How can these defence be evidenced?

Ultimately this depends on a case by case basis. =If a director does become concerned about a company’s financial position there are a number of practical steps that can be taken to help demonstrate that reasonable steps are being taken with a view to minimising the potential loss to creditors. These include, amongst other things:

 

  • Paying close attention to daily cash flows and liabilities including timetables and financial milestones for raising additional funds.
  • Holding regular board meetings (and ensuring they are documented) to review the financial position of the company.
  • Obtain professional advice on how to proceed and minimise the effect to creditors.
  • Ensure that potential sources of additional capital are reviewed and pursued where necessary.
  • Ensure that the company avoids, as far as possible, incurring fresh liabilities it may be unable to meet.
  • Ensure negotiations begin with creditors to postpone payments or to introduce caps to liabilities which may arise if payments cannot be made.
  • Review the terms of the directors and officers insurance.
  • Ensure that accurate and detailed records are kept of all advice received and the steps taken.

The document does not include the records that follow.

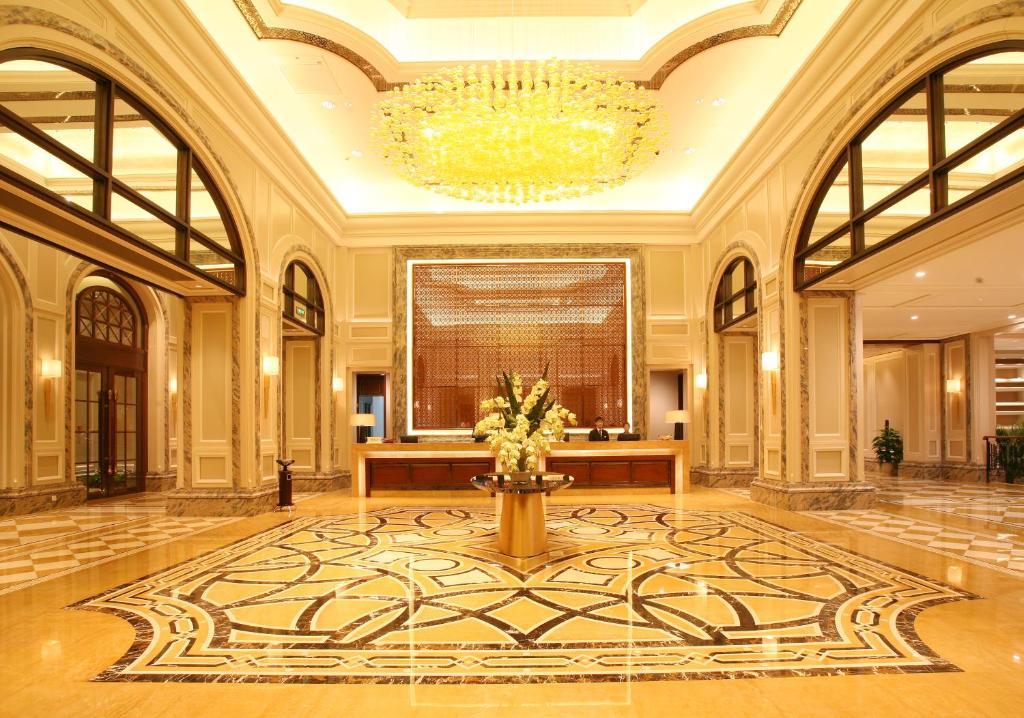 Landison Green Town Hotel Xinchang Bagian luar foto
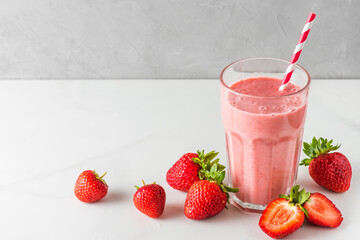 Strawberry milkshake or smoothie in a glass with a straw and fresh berries on white background. Summer drink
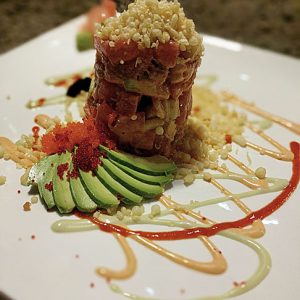 Tuna tartare with avocado, spicy sauce, and garnishes at Thai Lotus Restaurant.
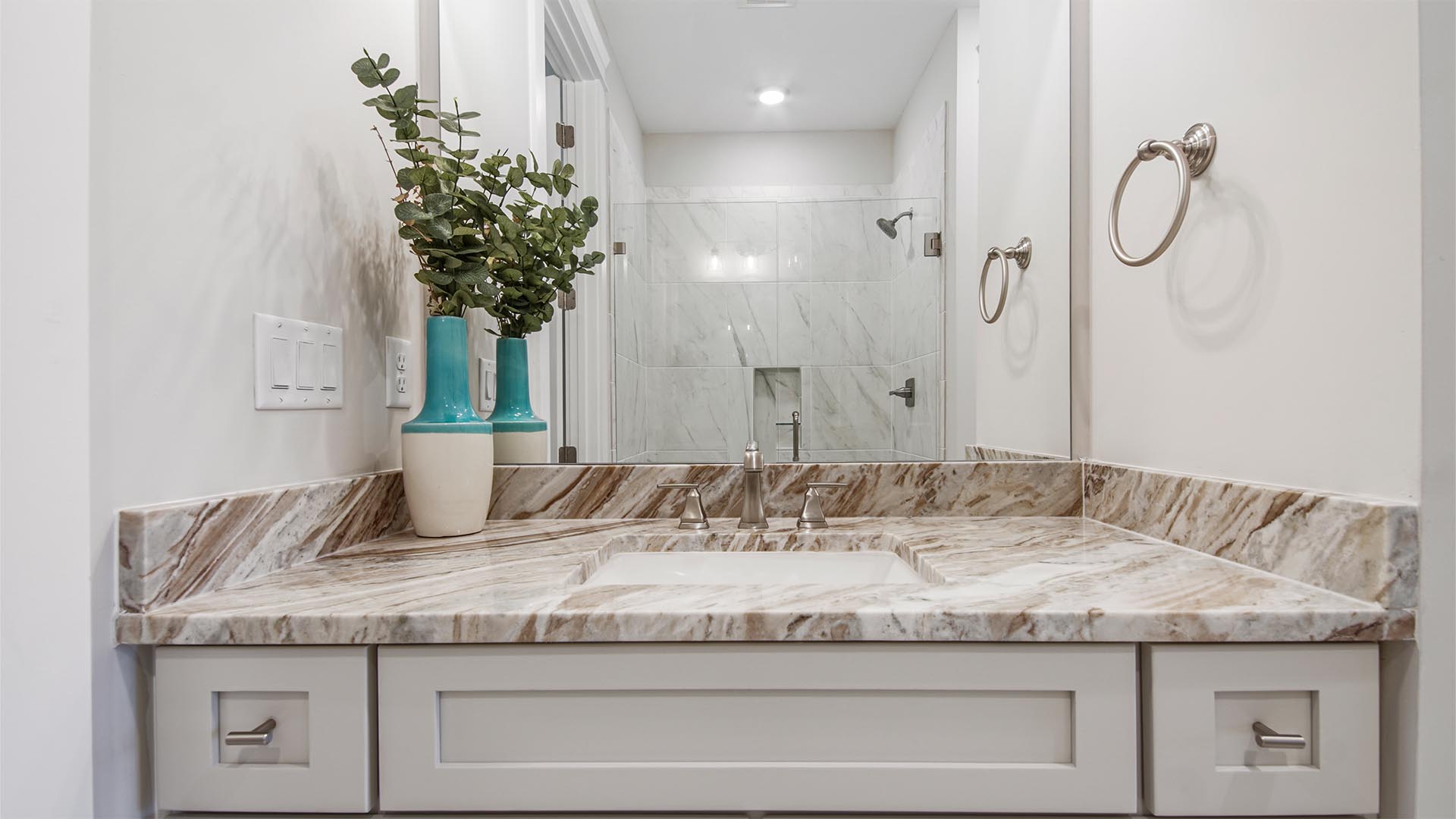 Primary bathroom single vanity with large mirror and quartz countertops and shaker style cabinetry.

To the extent that a director does not agree with a decision the company takes, it is also important that such director keeps their own personal records of that event and their reasons for disagreeing with the majority of the board and they take steps to ensure the disagreement is evidenced in the company’s books and records.

What if a director resigns?

Simply resigning when a company is in financial difficulty does not absolve a director from liability for the above offences. The directors have a duty to act in the best interests of a company. The act of resigning may in certain circumstances in fact enhance the possibility of a director being convicted.

Disqualification Order

Article 78 of the Companies Law permits the Attorney General, the Jersey Financial Services Commission or the Chief Minister if it is in the public interest, to seek an order for a director’s disqualification. For an order to be imposed, the Court must be satisfied that the director is ‘unfit’ to act as a director and their behaviour is of a serious nature.

It is important to note that ordinary commercial misjudgement will not generally be sufficient to justify an order. The same can be said for continuing to trade and seeking additional investment and funds, provided it can be shown that such actions offered a reasonable prospect of minimising losses to creditors.